■ WHAT YOU NEED TO DO
In the listing below, find the line holding "Geox Womens Hooded" and the line holding "Personalisiert Name Blue". Write out those two lines and all lines between, exactly, and nothing more.

■ INFORMATION
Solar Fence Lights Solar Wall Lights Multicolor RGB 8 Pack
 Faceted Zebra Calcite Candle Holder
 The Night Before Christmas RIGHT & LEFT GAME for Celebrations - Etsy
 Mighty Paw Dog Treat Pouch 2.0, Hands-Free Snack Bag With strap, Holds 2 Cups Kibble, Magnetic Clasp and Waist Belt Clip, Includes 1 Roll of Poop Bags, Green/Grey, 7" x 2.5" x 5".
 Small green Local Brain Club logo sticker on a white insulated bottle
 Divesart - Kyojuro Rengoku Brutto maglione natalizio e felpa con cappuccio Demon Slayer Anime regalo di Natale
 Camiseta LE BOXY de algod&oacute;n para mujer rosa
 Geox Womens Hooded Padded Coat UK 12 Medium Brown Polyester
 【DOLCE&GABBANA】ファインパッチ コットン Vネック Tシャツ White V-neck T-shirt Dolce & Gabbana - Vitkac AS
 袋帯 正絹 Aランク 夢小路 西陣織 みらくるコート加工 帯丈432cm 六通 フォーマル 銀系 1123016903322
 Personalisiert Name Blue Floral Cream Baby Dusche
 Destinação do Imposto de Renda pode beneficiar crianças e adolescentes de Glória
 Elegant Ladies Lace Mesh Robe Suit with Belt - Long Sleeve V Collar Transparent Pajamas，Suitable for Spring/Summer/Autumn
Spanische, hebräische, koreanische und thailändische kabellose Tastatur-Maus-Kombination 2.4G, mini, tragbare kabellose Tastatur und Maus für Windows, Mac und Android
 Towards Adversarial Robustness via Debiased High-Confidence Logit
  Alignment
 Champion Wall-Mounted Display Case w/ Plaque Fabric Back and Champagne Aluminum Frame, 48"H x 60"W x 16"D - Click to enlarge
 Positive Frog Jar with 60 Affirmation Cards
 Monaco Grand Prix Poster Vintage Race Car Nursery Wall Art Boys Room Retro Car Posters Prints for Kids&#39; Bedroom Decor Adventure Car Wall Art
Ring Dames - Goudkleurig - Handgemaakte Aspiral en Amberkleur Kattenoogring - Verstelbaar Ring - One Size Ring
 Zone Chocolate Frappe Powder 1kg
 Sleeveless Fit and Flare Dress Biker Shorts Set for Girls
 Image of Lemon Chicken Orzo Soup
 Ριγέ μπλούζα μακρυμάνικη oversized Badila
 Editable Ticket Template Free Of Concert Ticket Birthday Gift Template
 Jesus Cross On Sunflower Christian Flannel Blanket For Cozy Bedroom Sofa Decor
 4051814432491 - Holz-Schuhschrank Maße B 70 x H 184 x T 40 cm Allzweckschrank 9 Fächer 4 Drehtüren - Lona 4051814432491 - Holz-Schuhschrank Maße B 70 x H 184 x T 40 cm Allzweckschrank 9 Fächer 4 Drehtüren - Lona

■ RESULT OF THIS EXERCISE
 Geox Womens Hooded Padded Coat UK 12 Medium Brown Polyester
 【DOLCE&GABBANA】ファインパッチ コットン Vネック Tシャツ White V-neck T-shirt Dolce & Gabbana - Vitkac AS
 袋帯 正絹 Aランク 夢小路 西陣織 みらくるコート加工 帯丈432cm 六通 フォーマル 銀系 1123016903322
 Personalisiert Name Blue Floral Cream Baby Dusche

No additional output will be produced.